WHAT TO WORK ON – Return the lines below that contain the word "this".

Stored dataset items

[Start of section]

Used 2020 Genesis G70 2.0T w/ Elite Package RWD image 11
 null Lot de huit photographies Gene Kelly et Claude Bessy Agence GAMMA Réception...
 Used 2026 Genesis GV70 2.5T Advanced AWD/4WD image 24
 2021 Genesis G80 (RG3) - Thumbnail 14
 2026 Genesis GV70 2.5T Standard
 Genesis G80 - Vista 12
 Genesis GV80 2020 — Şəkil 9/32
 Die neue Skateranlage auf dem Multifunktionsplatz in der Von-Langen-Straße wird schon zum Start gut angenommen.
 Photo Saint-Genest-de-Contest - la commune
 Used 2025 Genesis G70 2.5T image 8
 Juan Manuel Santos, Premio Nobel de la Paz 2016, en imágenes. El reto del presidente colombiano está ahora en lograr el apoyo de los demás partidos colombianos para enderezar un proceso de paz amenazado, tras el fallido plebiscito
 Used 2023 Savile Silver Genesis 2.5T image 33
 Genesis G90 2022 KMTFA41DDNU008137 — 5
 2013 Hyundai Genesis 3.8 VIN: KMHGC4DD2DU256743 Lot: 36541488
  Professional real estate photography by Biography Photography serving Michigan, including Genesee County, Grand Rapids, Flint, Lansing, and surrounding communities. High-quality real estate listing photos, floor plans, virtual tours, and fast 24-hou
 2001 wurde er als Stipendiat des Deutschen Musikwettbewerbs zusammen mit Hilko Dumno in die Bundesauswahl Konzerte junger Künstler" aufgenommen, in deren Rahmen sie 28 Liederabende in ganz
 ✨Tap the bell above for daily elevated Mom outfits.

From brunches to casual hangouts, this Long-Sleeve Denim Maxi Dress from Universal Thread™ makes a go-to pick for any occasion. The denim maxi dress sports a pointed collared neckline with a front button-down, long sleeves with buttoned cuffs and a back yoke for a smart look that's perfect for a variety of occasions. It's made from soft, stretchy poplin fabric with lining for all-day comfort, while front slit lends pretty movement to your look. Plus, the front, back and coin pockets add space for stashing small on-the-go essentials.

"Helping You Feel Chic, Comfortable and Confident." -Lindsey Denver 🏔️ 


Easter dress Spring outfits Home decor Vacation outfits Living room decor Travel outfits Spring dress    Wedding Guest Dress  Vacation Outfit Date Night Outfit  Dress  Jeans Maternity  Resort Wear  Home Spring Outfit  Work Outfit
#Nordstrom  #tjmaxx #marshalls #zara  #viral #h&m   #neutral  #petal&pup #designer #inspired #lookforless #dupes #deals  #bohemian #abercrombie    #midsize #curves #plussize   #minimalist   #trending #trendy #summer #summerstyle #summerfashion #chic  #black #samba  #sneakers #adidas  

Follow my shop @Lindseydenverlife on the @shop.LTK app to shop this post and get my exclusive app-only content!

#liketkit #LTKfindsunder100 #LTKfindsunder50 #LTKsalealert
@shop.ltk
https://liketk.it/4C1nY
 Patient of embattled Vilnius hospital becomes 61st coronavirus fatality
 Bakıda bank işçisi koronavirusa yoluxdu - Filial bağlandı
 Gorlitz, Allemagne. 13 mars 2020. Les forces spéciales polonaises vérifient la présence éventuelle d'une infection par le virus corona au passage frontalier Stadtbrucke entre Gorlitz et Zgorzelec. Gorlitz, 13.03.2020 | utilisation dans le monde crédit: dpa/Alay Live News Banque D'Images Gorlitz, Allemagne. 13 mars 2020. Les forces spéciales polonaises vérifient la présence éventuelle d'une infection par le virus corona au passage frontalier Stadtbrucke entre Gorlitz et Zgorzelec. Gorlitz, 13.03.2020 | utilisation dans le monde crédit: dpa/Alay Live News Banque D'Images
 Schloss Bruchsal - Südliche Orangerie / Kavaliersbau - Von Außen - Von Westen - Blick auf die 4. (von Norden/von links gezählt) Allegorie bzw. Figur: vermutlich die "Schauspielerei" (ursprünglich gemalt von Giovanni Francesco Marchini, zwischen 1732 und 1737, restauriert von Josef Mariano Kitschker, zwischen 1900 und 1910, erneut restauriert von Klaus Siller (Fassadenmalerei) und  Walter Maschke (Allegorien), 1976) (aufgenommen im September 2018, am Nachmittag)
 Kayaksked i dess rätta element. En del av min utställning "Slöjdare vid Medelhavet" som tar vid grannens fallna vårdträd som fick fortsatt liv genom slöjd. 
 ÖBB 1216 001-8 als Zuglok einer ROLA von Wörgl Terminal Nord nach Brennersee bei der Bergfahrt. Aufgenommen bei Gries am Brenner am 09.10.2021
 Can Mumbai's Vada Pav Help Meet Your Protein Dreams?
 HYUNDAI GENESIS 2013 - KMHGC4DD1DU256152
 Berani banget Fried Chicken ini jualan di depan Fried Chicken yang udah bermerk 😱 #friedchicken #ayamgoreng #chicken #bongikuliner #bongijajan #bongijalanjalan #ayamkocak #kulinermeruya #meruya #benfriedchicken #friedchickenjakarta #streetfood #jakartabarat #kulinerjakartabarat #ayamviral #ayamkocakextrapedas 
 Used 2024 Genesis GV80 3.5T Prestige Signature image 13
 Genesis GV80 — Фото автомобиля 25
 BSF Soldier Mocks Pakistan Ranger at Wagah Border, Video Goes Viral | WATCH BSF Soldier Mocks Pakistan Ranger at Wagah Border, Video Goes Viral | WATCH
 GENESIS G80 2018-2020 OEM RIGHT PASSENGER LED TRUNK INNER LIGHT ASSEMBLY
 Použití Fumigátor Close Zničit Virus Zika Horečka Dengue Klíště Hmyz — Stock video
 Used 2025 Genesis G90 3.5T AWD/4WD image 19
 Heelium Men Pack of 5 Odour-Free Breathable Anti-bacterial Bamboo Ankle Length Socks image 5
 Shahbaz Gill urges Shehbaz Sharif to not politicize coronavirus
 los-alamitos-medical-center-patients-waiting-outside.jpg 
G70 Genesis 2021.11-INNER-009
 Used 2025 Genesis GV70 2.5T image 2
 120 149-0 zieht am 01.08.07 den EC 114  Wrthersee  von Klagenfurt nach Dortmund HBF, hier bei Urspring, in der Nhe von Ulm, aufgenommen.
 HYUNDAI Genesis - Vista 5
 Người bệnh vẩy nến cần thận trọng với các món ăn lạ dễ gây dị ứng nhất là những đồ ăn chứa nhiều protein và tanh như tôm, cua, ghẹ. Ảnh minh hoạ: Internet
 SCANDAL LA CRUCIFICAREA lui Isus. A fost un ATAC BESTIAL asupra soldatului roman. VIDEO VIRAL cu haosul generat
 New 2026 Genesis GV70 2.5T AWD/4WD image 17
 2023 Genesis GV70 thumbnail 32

[End of section]

EXERCISE RESULT –
From brunches to casual hangouts, this Long-Sleeve Denim Maxi Dress from Universal Thread™ makes a go-to pick for any occasion. The denim maxi dress sports a pointed collared neckline with a front button-down, long sleeves with buttoned cuffs and a back yoke for a smart look that's perfect for a variety of occasions. It's made from soft, stretchy poplin fabric with lining for all-day comfort, while front slit lends pretty movement to your look. Plus, the front, back and coin pockets add space for stashing small on-the-go essentials.
Follow my shop @Lindseydenverlife on the @shop.LTK app to shop this post and get my exclusive app-only content!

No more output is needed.